# .Task Force Violent



## BloodStripe (Mar 8, 2015)

http://www.militarytimes.com/story/military/2015/03/04/task-force-violent-the-unforgiven/23940295/

First part of a five part series.

This is what happens when we allow the media to control a warzone.


----------



## racing_kitty (Mar 8, 2015)

I'm only to chapter 3, and this already has my blood boiling.  My initial impression: did you know that Pihana and pizza cutter both starting with the letter P is NOT a coincidence?  Juuuuust checking.

This is nuts.


----------



## DA SWO (Mar 8, 2015)

I'd like to know what Pihana's background was/is? JAG? Pilot?
Glad Kearney thinks this incident derailed his career, as he derailed other careers.
We need to stop publishing names until charges are filed as you are guilty the second an allegation is leveled.


----------



## Gunz (Mar 11, 2015)

DA SWO said:


> ...We need to stop publishing names until charges are filed as you are guilty the second an allegation is leveled.



The media clamps down like a pitbull on anything that suggests our combat troops acted negligently. You want to clear your name? Good luck finding a reporter within 500 miles who thinks that's news. But they'll be right there to parrot anything the enemy says about our forces causing civilian casualties.


----------



## CDG (Mar 13, 2015)

Here's part 2: http://www.militarytimes.com/longform/military/2015/03/12/task-force-violent-part-2/24309397/


----------



## JohnnyBoyUSMC (Mar 15, 2015)

A very, very interesting read. I never accepted what was initially reported as there is always more to a story. These guys for one thing are Marines, and second they are Operators. These guys are skilled, disciplined, and know what they are doing. The idea that one blast went off and suddenly they go rock and roll killing everything nearby was ridiculous. The politics of what happened to these guys makes me sick honestly. It's a classic example of ass covering, people putting careers over the troops, and the public's willingness to believe the first thing told them and not learn the whole truth. This just further increases my hard learned belief that there is always more to a story, and to not make snap decisions until you have all the relevant information to make a conclusion. Glad the truth is finally starting to make it's way out, not that you will see anyone aside from us military news watchers notice.


----------



## AWP (Mar 15, 2015)

Something to consider, from the first article in the series:



> O'Rourke, Sloat and Morgan questioned the propriety of Pihana and the commander who ordered the investigation, Army Maj. Gen. Frank Kearney, then the head of Special Operations Command Central. The court's final report says Pihana took an "unbalanced approach" to his investigation and thus reached "inaccurate conclusions." It says Pihana, Kearney's chief of staff, may have been "negatively influenced" by Kearney and others in the command — and that, above all, it was inappropriate for Kearney even to have assigned the investigation to his chief of staff, as doing so inherently raises questions about neutrality.


 
Then the New York Times:
http://www.nytimes.com/2007/09/18/us/18hearing.html?_r=0



> Mark Waple, a civilian lawyer representing Captain Staffel, said the charges against his client and Sergeant Anderson carry a whiff of “military politics.” In an interview, Mr. Waple said that General Kearney proceeded with murder charges against the two soldiers even after an investigation by the Army’s Criminal Investigation Command concluded in April that the shooting had been “justifiable homicide.”


 
The DoD IG's redacted report:
http://www.dodig.mil/foia/ERR/H07L105376221 Locked.pdf

At "best" there's no cover up, no incompetence, no bias, and this is all an unfortunate series of events? At worst we have rogue commanders led by biased, agenda-driven "generalticians" more concerned with looking good than the 3M's? Even the middle ground is a heart breaking "good men led by incompetent dirtbags."

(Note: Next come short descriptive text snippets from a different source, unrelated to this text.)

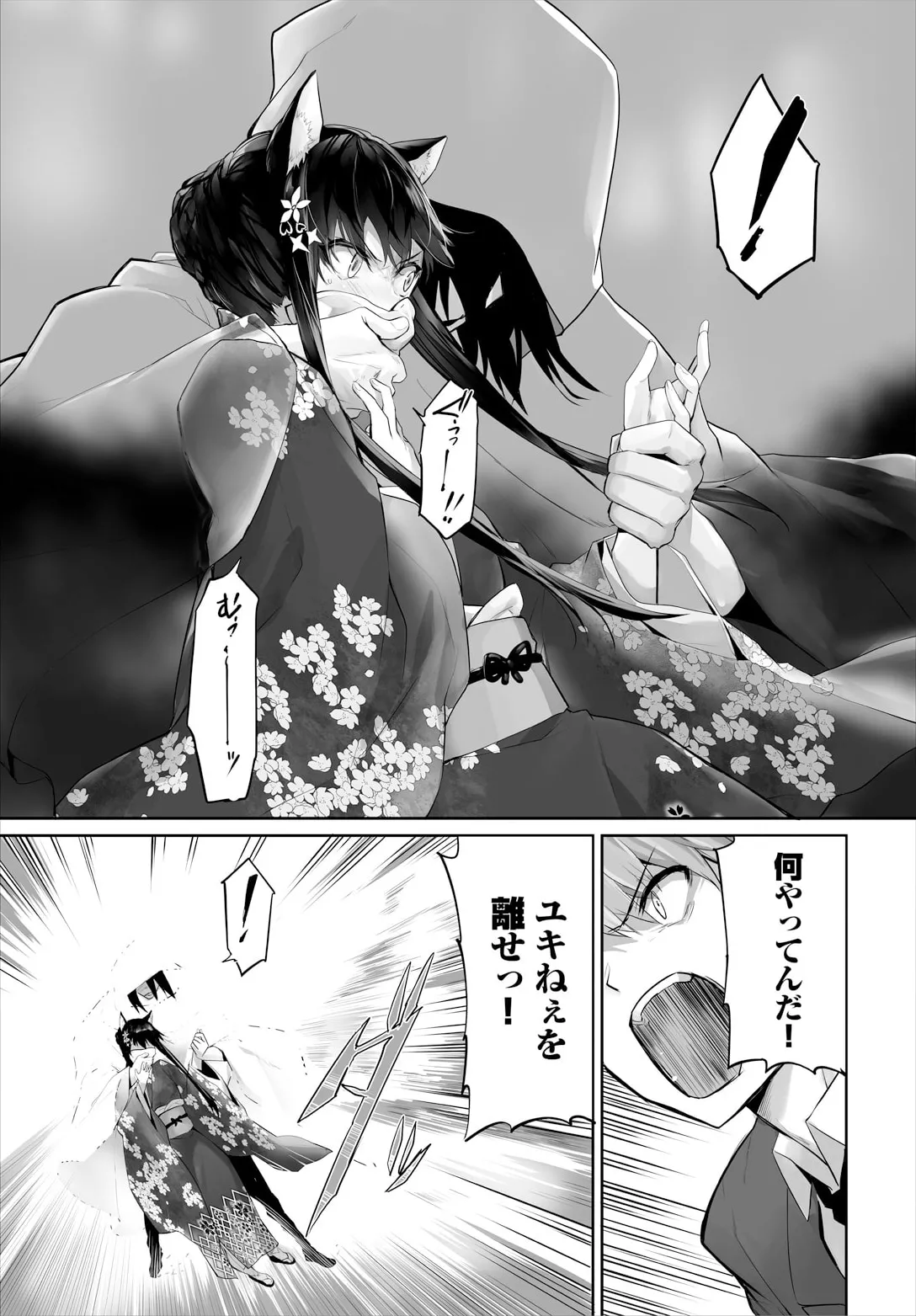 [Kyougoku Touya] Orokamono wa Nekomimi Dorei ni Izon suru ~Hajimete no Choukyou Seikatsu~ 29 - Page 17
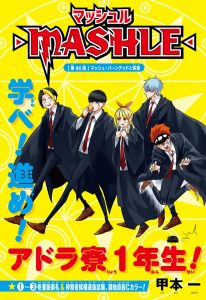 shonenjump 21 3 4 mashle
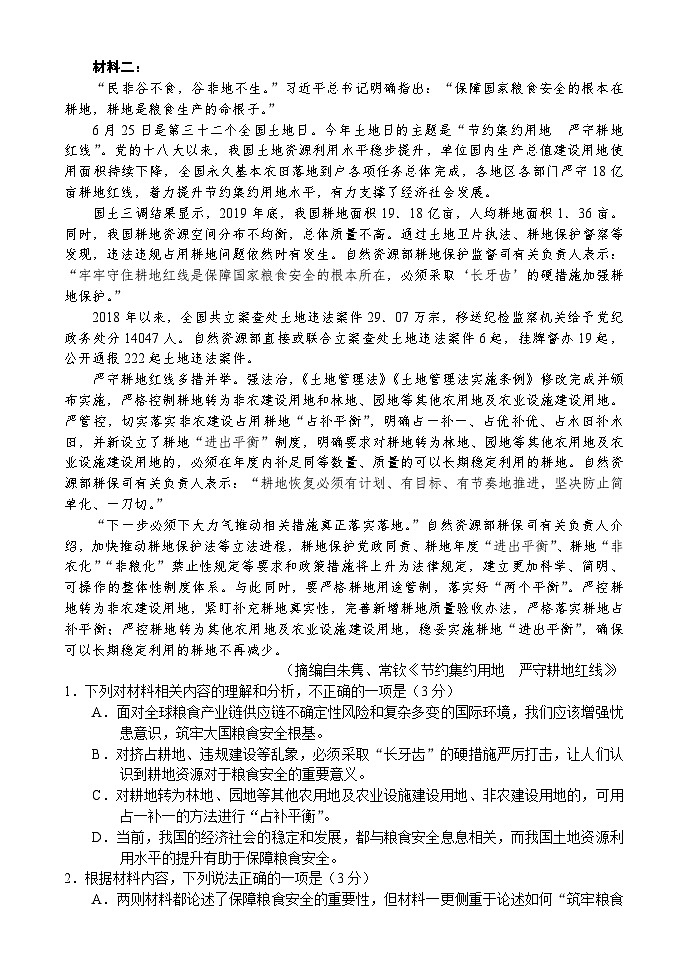 河南省八市重点高中2024届高三4月第一次模拟考试——语文第2页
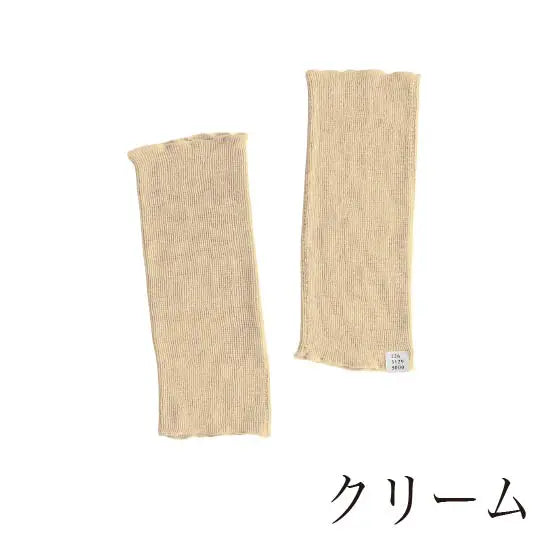 #カラー_08 クリーム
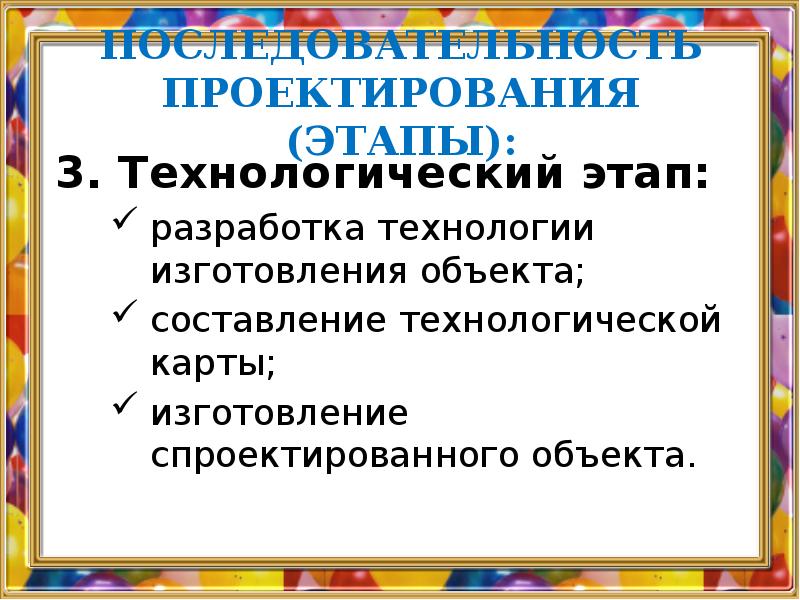 Технологический этап включает разработку вариантов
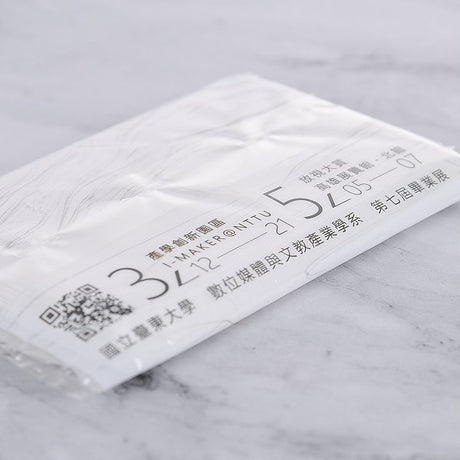 袖珍包廣告面紙包製作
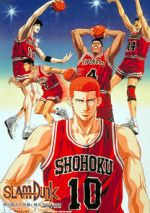 Watch Slam Dunk: Zenkoku Seiha da! Sakuragi Hanamichi Vumoo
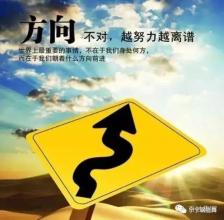 方向比工作_700字更重要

Very sad what we've become...


----------



## AWP (Mar 15, 2015)

DA SWO said:


> I'd like to know what Pihana's background was/is? JAG? Pilot?


 
https://books.google.com/books?id=D...#v=onepage&q=patrick pihana air force&f=false

Prior-enlisted, OTS grad, career CCT officer, commanded 320th STS, 23rd STS, and 18th ASOG. Retired 2013 as an O-6.


----------



## Mac_NZ (Mar 15, 2015)

Wow, those Marines got given a shit sandwich.  The conduct of some of those Officers involved is disgraceful and in a perfect world they would be committing seppuku right about now to try and salvage the tattered remnants of their honour.


----------



## 8654Maine (Mar 15, 2015)

I know some of those guys and the absolute shit storm that they went through.

It'd be easy to lay the blame on inter-service rivalry and the fuck-stain douchenozzles like Kearney, Nicholson, Pihana, et al, but intra-service issues are also to blame.

I'm glad this article is coming to light.

Those in charge who facilitated this debacle should be shamed.  And publicly beaten.


----------



## DA SWO (Mar 15, 2015)

I do find it ironic that one of the feeding frenzy organizations (Military Times) is now putting this story out.


----------



## AWP (Mar 16, 2015)

DA SWO said:


> I do find it ironic that one of the feeding frenzy organizations (Military Times) is now putting this story out.


 
At the end of the day they are media and the media are vermin...


----------



## BloodStripe (Mar 19, 2015)

http://www.militarytimes.com/longform/military/2015/03/19/task-force-violent-part-3/24309667/

Part 3


----------



## Teufel (Mar 21, 2015)

This is a great series of articles and very illuminating.  I know "Fast Freddy" Galvin very well and know him to be a good officer.  A few points:

Your LNO is a direct reflection of you and your unit.  Sounds like a lot of these problems were exacerbated by having an incompetent and lazy LNO at HHQ.  Sometimes you are only as good as your LNO.  This LNO Major should have been selling Fox Company's capabilities to get them missions and assuaging any doubts about their conduct or proficiency.  Clearly he didn't do either and the Marines paid for it.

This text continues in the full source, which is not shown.